Entries provided:

####################

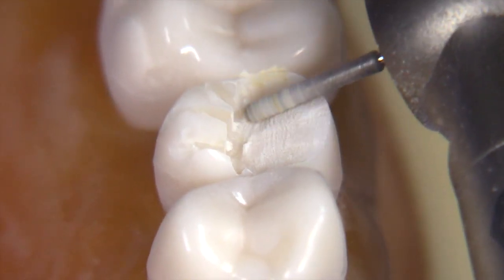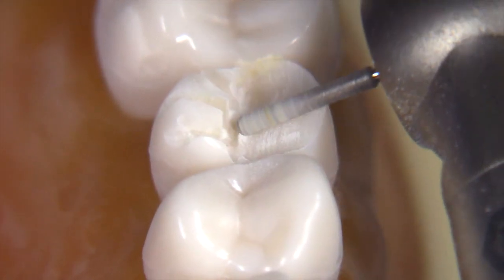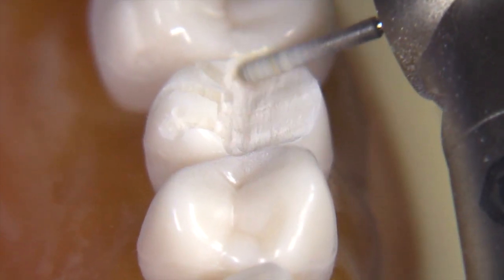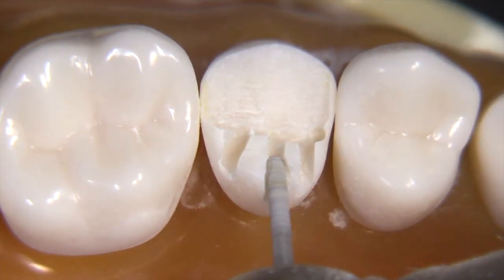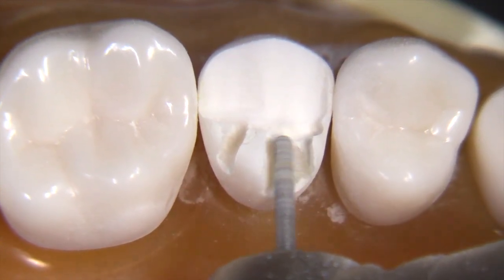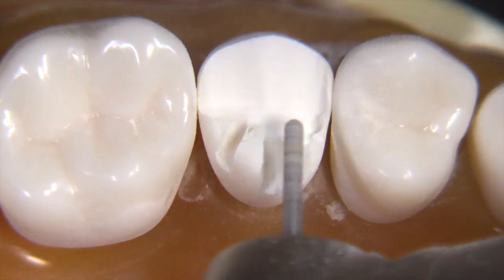Obviously, if we're performing this procedure in the oral cavity, we are going to be utilizing copious amounts of water spray. I always find it easier to teach with a dry reduction technique because you can see more as a student or observer, and I can also see more as I'm making the video.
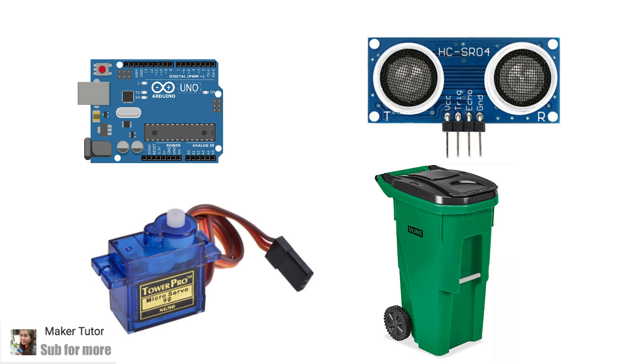Hardware equipment required: 1. Arduino Uno, 2. Servo motor SG90, 3. Ultrasonic sensor module, 4. Trash can with lid.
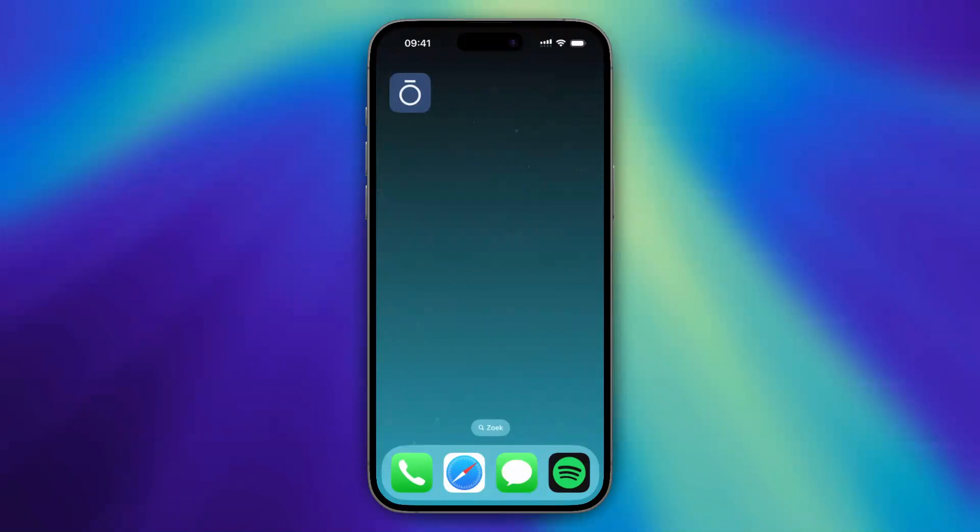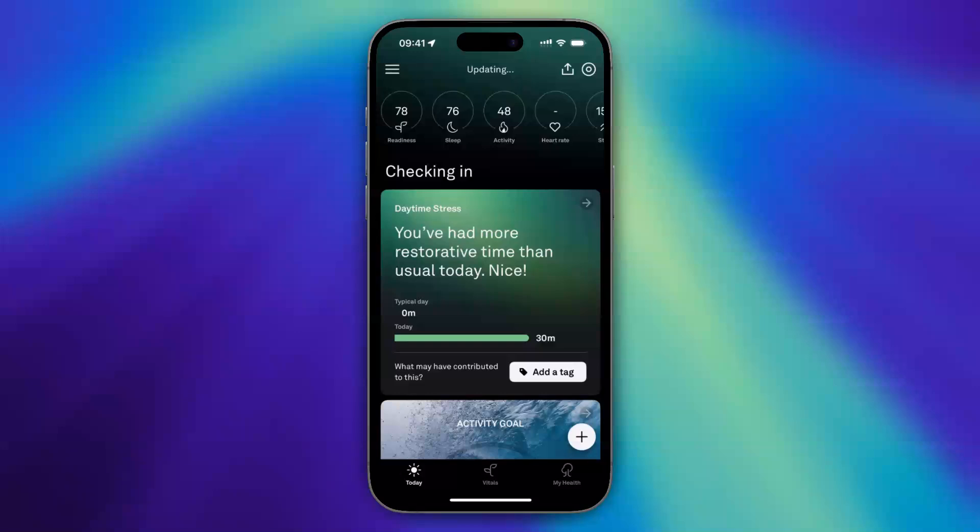In this video, I will show you how to add a new Aura Ring to your existing account. So, let's get started. The first thing we need to do is open up the Aura Ring app and then go to the top right corner of our screen and tap on that little ring icon.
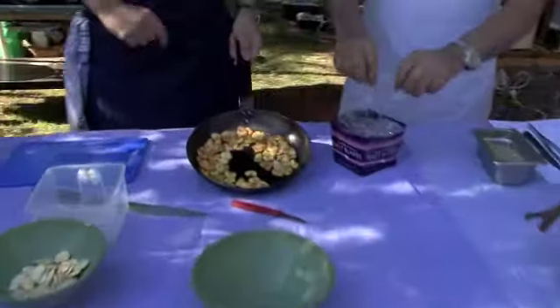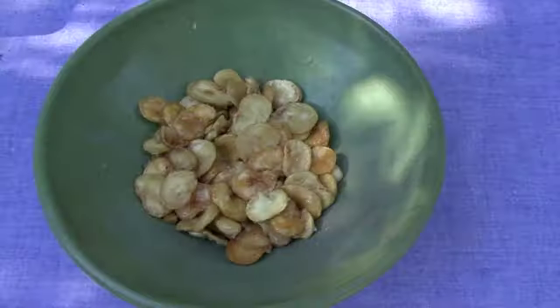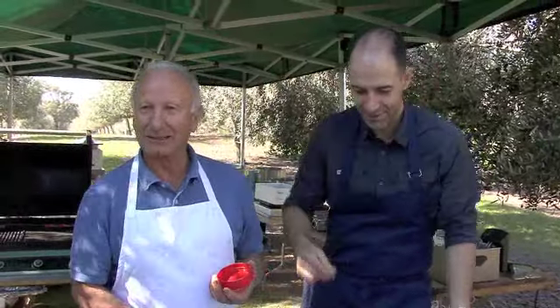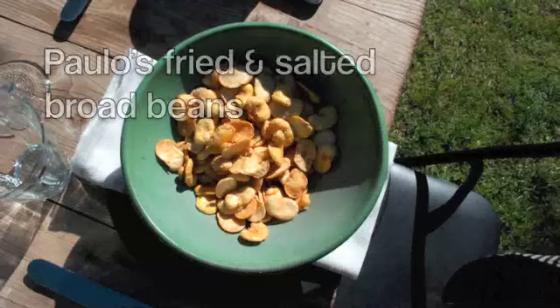Now we need to add the salt. That's all you need to do — very simple. You never stop eating these things. It's an addictive treat, really. That's what they are.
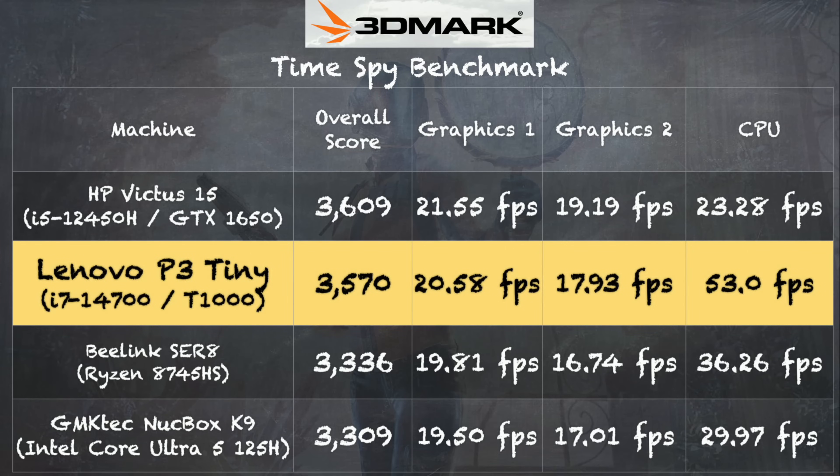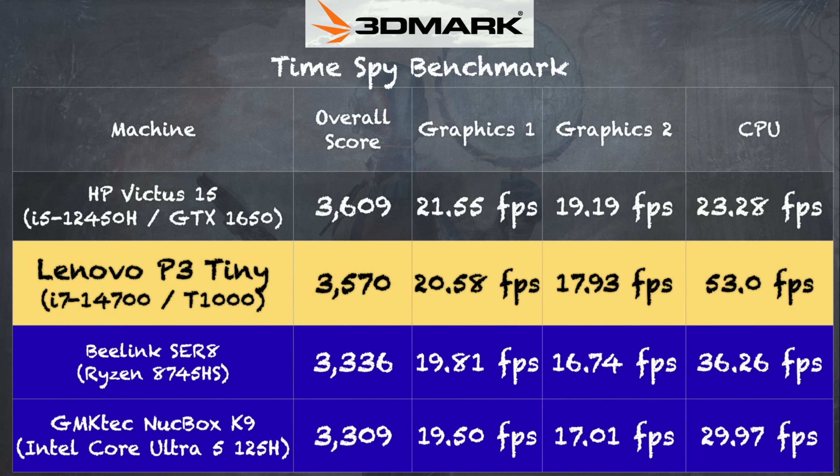Let's take a look at a couple of benchmarks that illustrate where the strengths of a workstation PC really are. First up is the 3DMark TimeSpy benchmark, which we run on most computers we review. We got a score of 3570, which is very closely aligned with a laptop running a GTX 1650. The 20 cores do make a difference on the CPU side of that test. But a B-Link SUR 8 mini PC with a Ryzen 8745 and a GMK Tech NUC box with an Intel Core Ultra 5 both scored very close to this expensive workstation — so you can't just rely on a gaming benchmark to see what this machine is capable of.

####################

Exercise requirements: Please reproduce the records above exactly and leave any picture behind.

Task response:
Obviously, if we're performing this procedure in the oral cavity, we are going to be utilizing copious amounts of water spray. I always find it easier to teach with a dry reduction technique because you can see more as a student or observer, and I can also see more as I'm making the video.
Hardware equipment required: 1. Arduino Uno, 2. Servo motor SG90, 3. Ultrasonic sensor module, 4. Trash can with lid.
In this video, I will show you how to add a new Aura Ring to your existing account. So, let's get started. The first thing we need to do is open up the Aura Ring app and then go to the top right corner of our screen and tap on that little ring icon.
Now we need to add the salt. That's all you need to do — very simple. You never stop eating these things. It's an addictive treat, really. That's what they are.
Let's take a look at a couple of benchmarks that illustrate where the strengths of a workstation PC really are. First up is the 3DMark TimeSpy benchmark, which we run on most computers we review. We got a score of 3570, which is very closely aligned with a laptop running a GTX 1650. The 20 cores do make a difference on the CPU side of that test. But a B-Link SUR 8 mini PC with a Ryzen 8745 and a GMK Tech NUC box with an Intel Core Ultra 5 both scored very close to this expensive workstation — so you can't just rely on a gaming benchmark to see what this machine is capable of.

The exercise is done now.